**WORK INSTRUCTION**
Starting from the line that holds "Marcoola Sands 6 - Pool to Beach - Image 3", print every line through the end of the records, first and last included.

**SUPPLIED ENTRIES**
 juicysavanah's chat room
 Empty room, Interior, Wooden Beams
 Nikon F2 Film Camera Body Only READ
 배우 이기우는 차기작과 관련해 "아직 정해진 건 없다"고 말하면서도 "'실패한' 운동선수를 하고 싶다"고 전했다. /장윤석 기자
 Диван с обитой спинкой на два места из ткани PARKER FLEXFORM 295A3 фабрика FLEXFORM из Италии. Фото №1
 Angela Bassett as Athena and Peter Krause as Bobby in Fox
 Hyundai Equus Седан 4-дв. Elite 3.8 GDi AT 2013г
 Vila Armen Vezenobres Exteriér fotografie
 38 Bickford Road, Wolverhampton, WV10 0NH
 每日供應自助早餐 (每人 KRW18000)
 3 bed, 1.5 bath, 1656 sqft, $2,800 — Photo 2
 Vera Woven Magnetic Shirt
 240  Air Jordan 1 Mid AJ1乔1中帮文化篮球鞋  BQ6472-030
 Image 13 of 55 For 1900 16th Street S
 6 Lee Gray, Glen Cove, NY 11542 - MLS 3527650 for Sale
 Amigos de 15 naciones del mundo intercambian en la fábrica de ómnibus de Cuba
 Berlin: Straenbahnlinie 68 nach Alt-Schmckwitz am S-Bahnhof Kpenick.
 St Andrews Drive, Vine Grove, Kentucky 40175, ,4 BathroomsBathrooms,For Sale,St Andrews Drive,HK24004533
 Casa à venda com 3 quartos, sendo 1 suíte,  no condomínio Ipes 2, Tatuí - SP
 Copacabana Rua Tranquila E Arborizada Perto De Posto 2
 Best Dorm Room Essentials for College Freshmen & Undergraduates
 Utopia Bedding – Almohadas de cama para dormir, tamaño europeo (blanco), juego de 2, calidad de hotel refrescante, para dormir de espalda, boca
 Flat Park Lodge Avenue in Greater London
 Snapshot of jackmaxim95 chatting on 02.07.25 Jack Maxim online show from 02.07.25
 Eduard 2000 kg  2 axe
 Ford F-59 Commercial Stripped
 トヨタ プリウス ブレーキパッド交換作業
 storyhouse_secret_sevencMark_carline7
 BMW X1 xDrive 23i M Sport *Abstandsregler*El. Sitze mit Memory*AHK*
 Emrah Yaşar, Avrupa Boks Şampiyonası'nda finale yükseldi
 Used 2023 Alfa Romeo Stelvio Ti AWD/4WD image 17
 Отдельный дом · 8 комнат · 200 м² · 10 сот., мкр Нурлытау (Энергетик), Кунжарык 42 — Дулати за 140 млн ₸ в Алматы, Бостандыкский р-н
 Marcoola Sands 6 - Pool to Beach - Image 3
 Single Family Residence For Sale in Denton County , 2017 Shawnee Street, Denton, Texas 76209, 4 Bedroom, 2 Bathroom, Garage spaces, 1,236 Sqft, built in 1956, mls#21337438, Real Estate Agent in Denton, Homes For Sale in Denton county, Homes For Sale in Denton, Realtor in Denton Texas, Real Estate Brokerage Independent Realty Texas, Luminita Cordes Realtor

**SOLUTION**
 Marcoola Sands 6 - Pool to Beach - Image 3
 Single Family Residence For Sale in Denton County , 2017 Shawnee Street, Denton, Texas 76209, 4 Bedroom, 2 Bathroom, Garage spaces, 1,236 Sqft, built in 1956, mls#21337438, Real Estate Agent in Denton, Homes For Sale in Denton county, Homes For Sale in Denton, Realtor in Denton Texas, Real Estate Brokerage Independent Realty Texas, Luminita Cordes Realtor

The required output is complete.